Working Toward Your Dream Job
“It’s Dylan and I, not Dylan and me.” We all have those friends who are labeled as the “grammar police” because they jump to correct you if you misspeak. As much as I hate to admit it, I’m that friend. It’s not like I want to point out that you’re wrong, I just can’t let that grammatical error hang in the air; it would be a disservice to the English language. I have always had an insatiable desire to work closely with the written language. This passion is what spurs the sudden outburst of “it’s ‘you’re’ not ‘your’” following a friend’s text. I have a knack for detecting those grammatical and mechanical errors, and frankly, I enjoy editing various works with the purpose of making those pieces as good as they can be. I aspire to work in a publishing house as an editor, and I am using the various resources the U has to offer to help me get there.

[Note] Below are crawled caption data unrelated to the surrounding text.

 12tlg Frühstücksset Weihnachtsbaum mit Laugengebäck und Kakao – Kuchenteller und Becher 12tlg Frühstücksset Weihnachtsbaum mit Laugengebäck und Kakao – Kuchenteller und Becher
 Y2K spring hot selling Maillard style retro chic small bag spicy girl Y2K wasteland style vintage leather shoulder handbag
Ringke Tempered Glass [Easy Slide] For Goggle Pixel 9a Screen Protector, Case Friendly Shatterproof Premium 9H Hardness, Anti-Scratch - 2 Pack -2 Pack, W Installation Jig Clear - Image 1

One thing that I love about the U is the plethora of student clubs it has. There is no limit to what you can try; odds are, if you’re interested in it, there is a student group for it. The first group I joined was The Wake, a biweekly, student-run magazine. It is filled with articles that are produced by students for students. I started off as an intern for the reviews section my freshman year and moved my way up to now being a copyeditor.
After spotting a colorful panel on the bridge advertising for The Tower, I knew I had to find out more. I talked to my advisor, contacted the professor with my cover letter, and gained access to the class. I was delighted to see that our conversations and readings would be riddled with discussions of the inner workings of a publishing house and what to expect as an editor. I wanted to take full advantage of all this class had to offer; I ambitiously applied for and obtained the roles of managing editor, copyeditor, and fiction editor, and I thoroughly enjoy all the responsibilities that I have.

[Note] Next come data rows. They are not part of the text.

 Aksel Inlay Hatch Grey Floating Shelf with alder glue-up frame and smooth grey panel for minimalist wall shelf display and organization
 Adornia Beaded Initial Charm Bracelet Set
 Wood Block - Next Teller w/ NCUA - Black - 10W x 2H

Nerd alert: I joined a book club! The University Book Club meets once a month, so I have plenty of time to read the selected book while keeping up with my studies and other extracurriculars. In addition to keeping my imagination active, this club allows me to analyze what the best writing methods are that engage an audience and what kinds of topics and genres are most appealing.

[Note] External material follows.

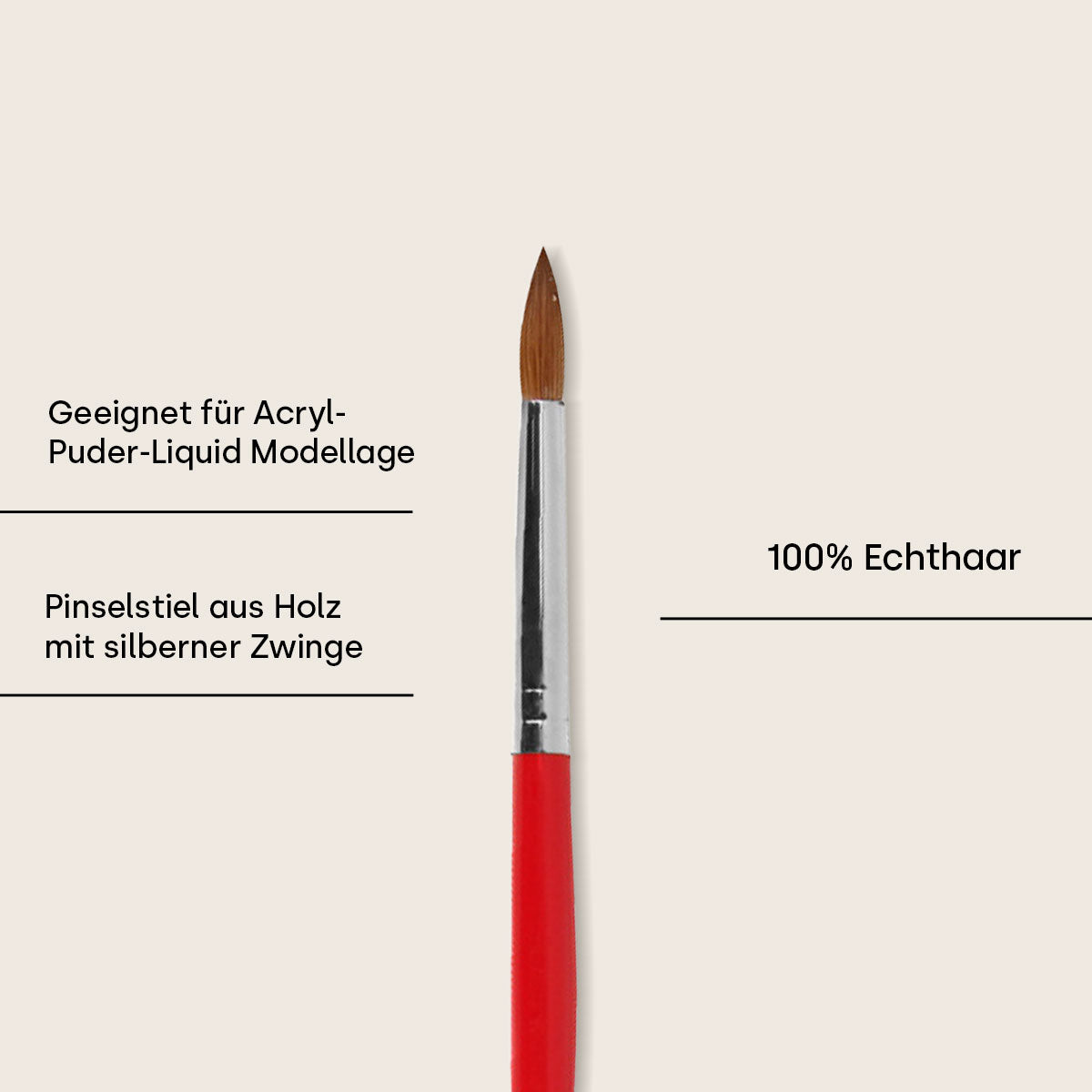 Pinceau acrylique Emmi-Nail taille 6, 100% cheveux naturels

Lastly, I joined the Minnesota Undergraduate Research and Academic Journal as a volunteer editor. While I love editing for both The Wake and The Tower, I thought I should get more exposure to editing academic pieces. This group has been extremely helpful in teaching me the best way to edit with a professional lens, so the writing best captures the tone of an educational journal.
Finding the Job for U
The two previous jobs I had prior to CLAgency were enjoyable, but neither applied to what I was pursuing to do in the future. After talking to one of my classmates in The Tower, I found out about CLAgency and applied right away. As a content creator for the art history department, I have the privilege of interviewing students, faculty, and alumni of the department and writing full-length feature stories on their academic and professional success. On top of it all, I get to work with a really cool team of people.
I hope that all of these activities and experiences will further bolster my resume and make me more marketable to publishing houses who are looking to hire. I love living in Minneapolis because it is a hub for smaller, more local publishing houses, so I am constantly on the lookout for internships that could prepare me for working at Penguin Random House in the future.
Most students only spend four years during their undergraduate career, so it’s important to spend that time discovering what makes you buzz with excitement. Get out of your comfort zone, and try something new! Take advantage of all the U has to offer, and you’ll be one step closer to obtaining your dream job.